---- Available data

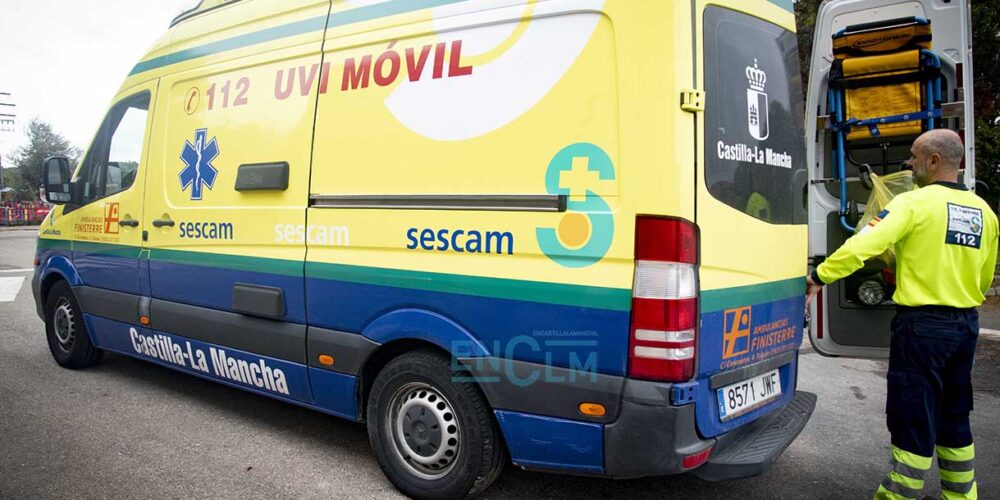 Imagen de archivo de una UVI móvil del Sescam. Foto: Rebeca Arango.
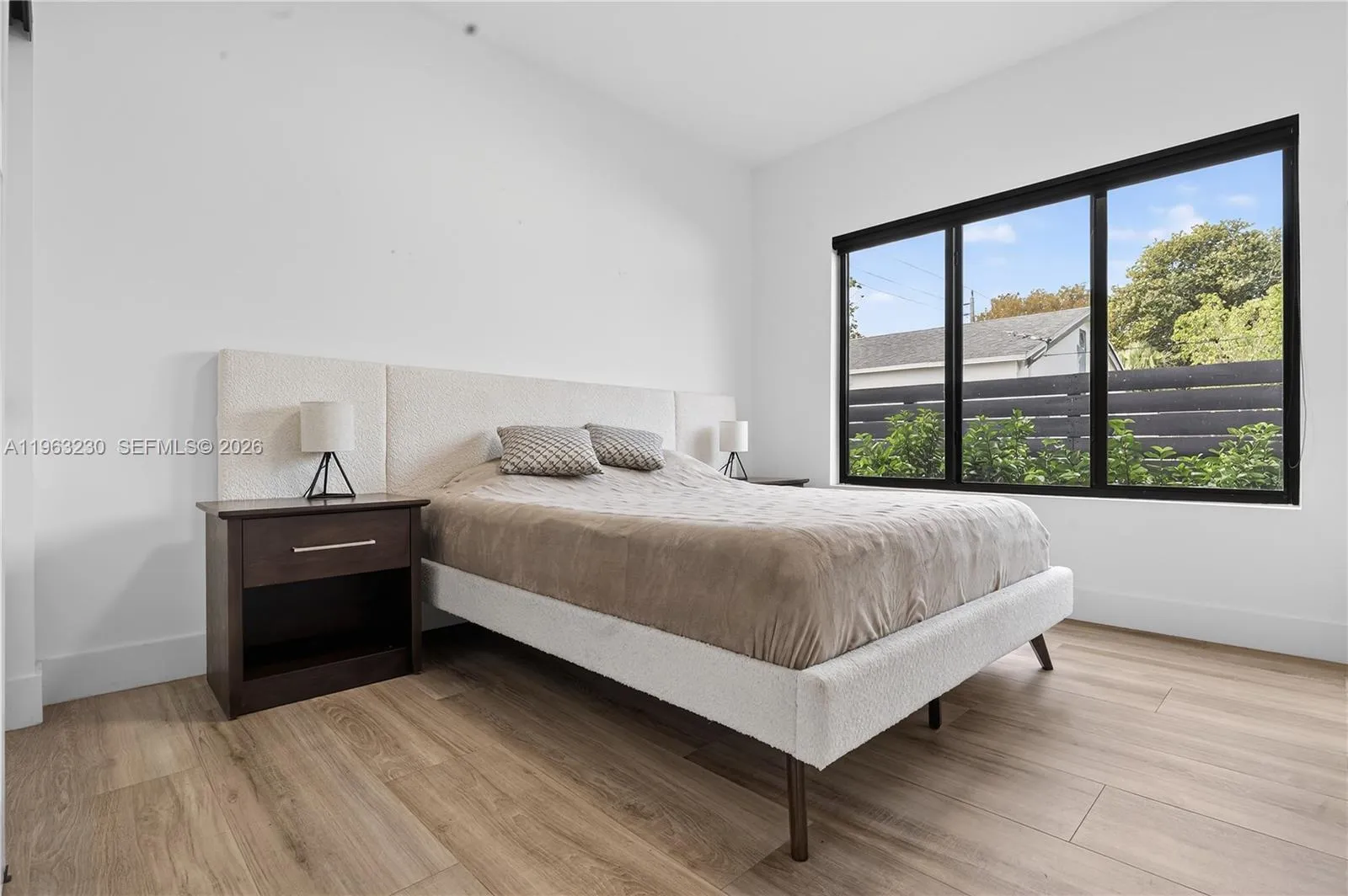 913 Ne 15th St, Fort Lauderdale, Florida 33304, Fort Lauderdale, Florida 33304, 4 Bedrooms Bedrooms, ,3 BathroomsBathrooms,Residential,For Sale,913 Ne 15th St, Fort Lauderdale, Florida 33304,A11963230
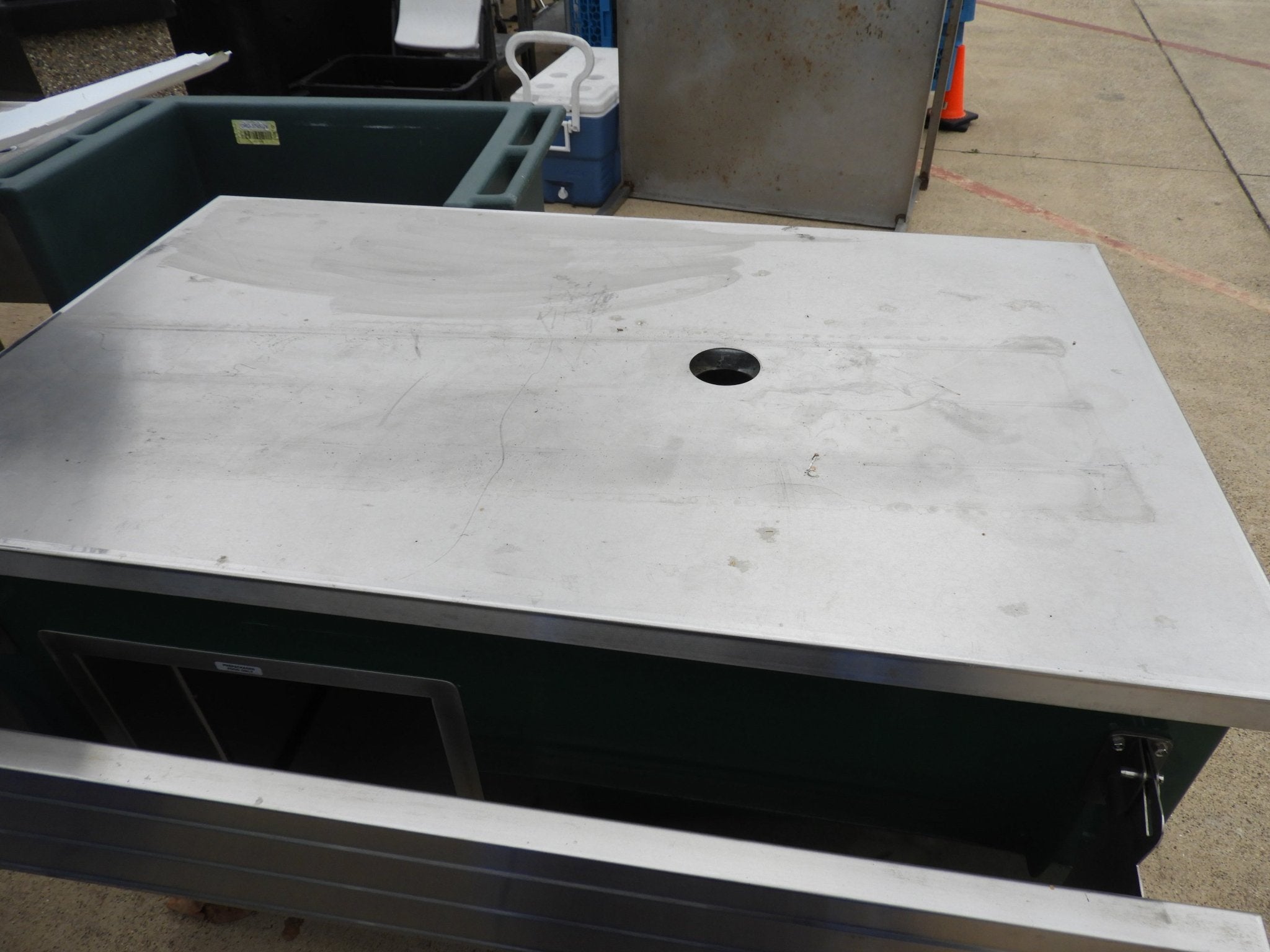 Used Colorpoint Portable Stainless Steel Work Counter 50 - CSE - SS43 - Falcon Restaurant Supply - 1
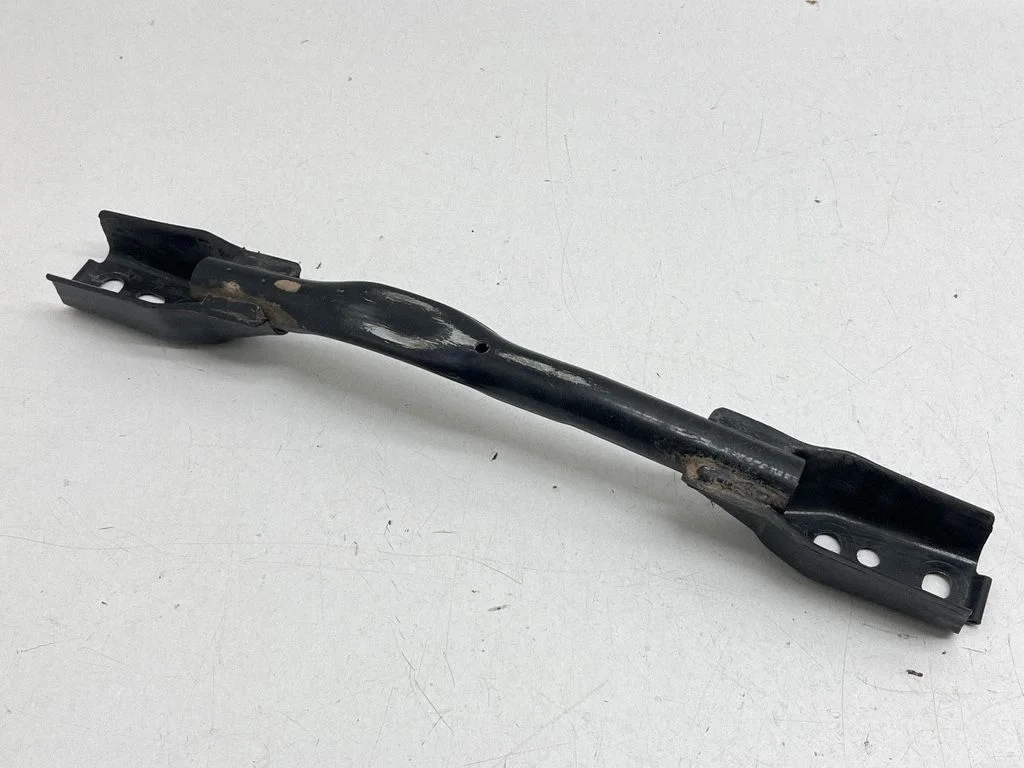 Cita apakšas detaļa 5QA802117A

--------

Your job is to repeat the data exactly, leaving each picture out.

 Imagen de archivo de una UVI móvil del Sescam. Foto: Rebeca Arango.
 913 Ne 15th St, Fort Lauderdale, Florida 33304, Fort Lauderdale, Florida 33304, 4 Bedrooms Bedrooms, ,3 BathroomsBathrooms,Residential,For Sale,913 Ne 15th St, Fort Lauderdale, Florida 33304,A11963230
 Used Colorpoint Portable Stainless Steel Work Counter 50 - CSE - SS43 - Falcon Restaurant Supply - 1
 Cita apakšas detaļa 5QA802117A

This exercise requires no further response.